Proxy voting advisers Glass Lewis and Institutional Shareholder Services (ISS) have suggested Ritchie Bros. Auctioneers shareholders vote down the proposed acquisition of U.S. auto retailer IAA, a $6-billion merger that has pitted activist investors against each other.
In a report viewed by Insightia, Glass Lewis was skeptical that the combined company could deliver the projected synergies and said the transaction may ‘‘ultimately destroy value’’ for existing Ritchie Bros. shareholders, adding that the company remaining independent could be ‘‘the better risk-adjusted’’ scenario for those investors.
ISS raised similar concerns about the deal, saying in a note reviewed by Insightia that Ritchie Bros.’ “strong standalone prospects, proven over a period of time through robust performance, offer a better understood and verified path to shareholder value creation.”
IAA’s stock fell 7% Monday to $38.32, more than $6 below the cash-and-stock takeover offer. Ritchie Bros. shares closed up 3.1%.
Ritchie Bros. was quick to react to the verdicts, saying in a statement Monday that the combination ‘‘is expected to unlock substantial additional value that neither Ritchie Bros. nor IAA could achieve on its own, and we are confident in our ability to realize it.’’ The Candian company sees between $350 million and $900 million in total adjusted EBITDA growth opportunities in the deal.

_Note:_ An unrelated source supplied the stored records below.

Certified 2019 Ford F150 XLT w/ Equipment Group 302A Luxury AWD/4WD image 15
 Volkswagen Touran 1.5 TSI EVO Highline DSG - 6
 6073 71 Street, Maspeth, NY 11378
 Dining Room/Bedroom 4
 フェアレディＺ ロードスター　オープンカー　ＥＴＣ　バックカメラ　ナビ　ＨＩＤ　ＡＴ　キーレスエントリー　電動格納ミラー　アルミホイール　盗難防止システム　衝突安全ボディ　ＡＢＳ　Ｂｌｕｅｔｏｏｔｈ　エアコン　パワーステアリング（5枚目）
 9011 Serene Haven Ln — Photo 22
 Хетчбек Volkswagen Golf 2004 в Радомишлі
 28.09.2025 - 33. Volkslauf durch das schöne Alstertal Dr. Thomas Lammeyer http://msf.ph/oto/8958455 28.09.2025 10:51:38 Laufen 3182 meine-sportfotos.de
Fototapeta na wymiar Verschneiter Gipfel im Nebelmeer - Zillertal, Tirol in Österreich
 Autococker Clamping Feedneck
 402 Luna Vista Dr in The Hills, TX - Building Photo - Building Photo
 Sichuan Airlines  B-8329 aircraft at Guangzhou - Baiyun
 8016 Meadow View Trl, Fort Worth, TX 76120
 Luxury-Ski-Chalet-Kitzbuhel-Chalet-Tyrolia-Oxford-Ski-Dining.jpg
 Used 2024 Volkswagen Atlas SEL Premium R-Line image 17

The voting recommendations from Glass Lewis and ISS are a boon for Luxor Capital and other investors pushing against the deal, which is slated for a vote on March 14. Eminence Capital, Deep Field Asset Management, and asset manager Janus Henderson are also opposing the merger while activist firm Ancora Advisors, Independent Franchise Partners, and Eagle Asset Management are among its backers.
In a statement Monday afternoon, Ritchie Bros. 4.2% holder Luxor said the Glass Lewis and ISS reports are a ”clear rebuke” of the strategic rationale of the merger, adding that it now expects investors to ”overwhelmingly” vote against the ”flawed and ill-advised” tie-up.
Ancora, a 4% shareholder in IAA, recently took a small stake in Ritchie Bros. and issued several materials slamming Luxor and accusing the rival activist of trying to derail the deal to make a profit from an alleged short position in IAA.
Starboard Value joined the fray in January with a $500-million investment deal with Ritchie Bros. that some investors including Luxor called out for shortchanging the Canadian company’s shareholders. In its note, ISS said there are “lingering questions” about the Starboard deal.